Filed under: discworld, interweb, kingdom of the world, saving the world
“War, Nobby. Huh! What is it good for?” he said.
“Dunno, Sarge. Freeing slaves, maybe?”
“Absol–well, okay.”
“Defending yourself against a totalitarian aggressor?”
“All right, I’ll grant you that, but–”
“Saving civilization from a horde of–”
“It doesn’t do any good in the long run is what I’m saying, Nobby, if you’d listen for five seconds together,” said Fred Colon sharply.
“Yeah, but in the long run, what does Sarge?”
I’ve spent the better part of the last year trying to figure out exactly what Twitter is good for. I think I might be getting an inkling.
Saving civilization from a horde of black-robed Mullahs?
We’ll see.
Twitter seems to be what newsgathering will look like in a post-Journalism world. CNN was 24 hours behind twitter in picking up on the brewing crisis after the election. And Twitter re-scheduled maintenance on their server farm to not interfere with Iranians using it. As wired put it recently, when commenting on the MySpace loosing ground to Facebook:
When your server farm’s service schedule has an impact on Middle East Peace you are onto something big — much bigger than which garden-variety walled garden has more members.

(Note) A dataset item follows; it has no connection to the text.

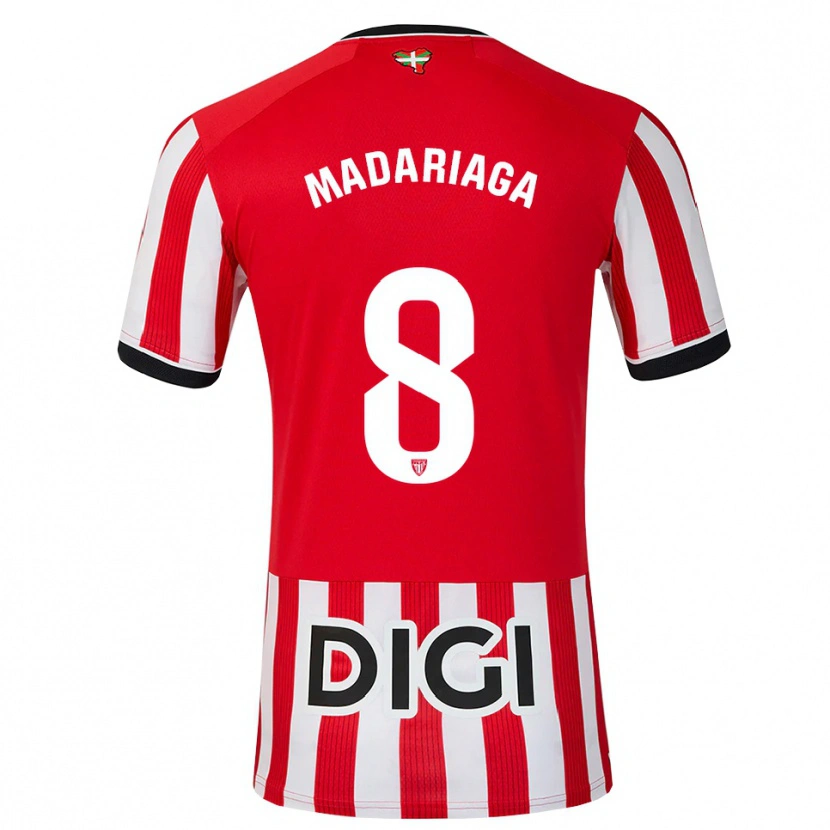 Danxen Pánské Joan Madariaga #8 Červená Černá Bílá Domů Hráčské Dresy 2026/27 Dres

Unfortunately, at the same time, I’m disappointed to realize that Administration of Hope and Change is morally retarded. A President who’s afraid of speaking out plainly and strongly against the type of tactics used by a regime that is willing to send the Basij to shoot their own people seems like a disappointing successor to the people who marched in the 1960s. President Obama is right to worry that he’s on the wrong side of history when France and Canada can make stronger statements against the current regime.
This isn’t about invading and occupying a country. It’s about not giving a repressive regime a moral pass for crushing dissent.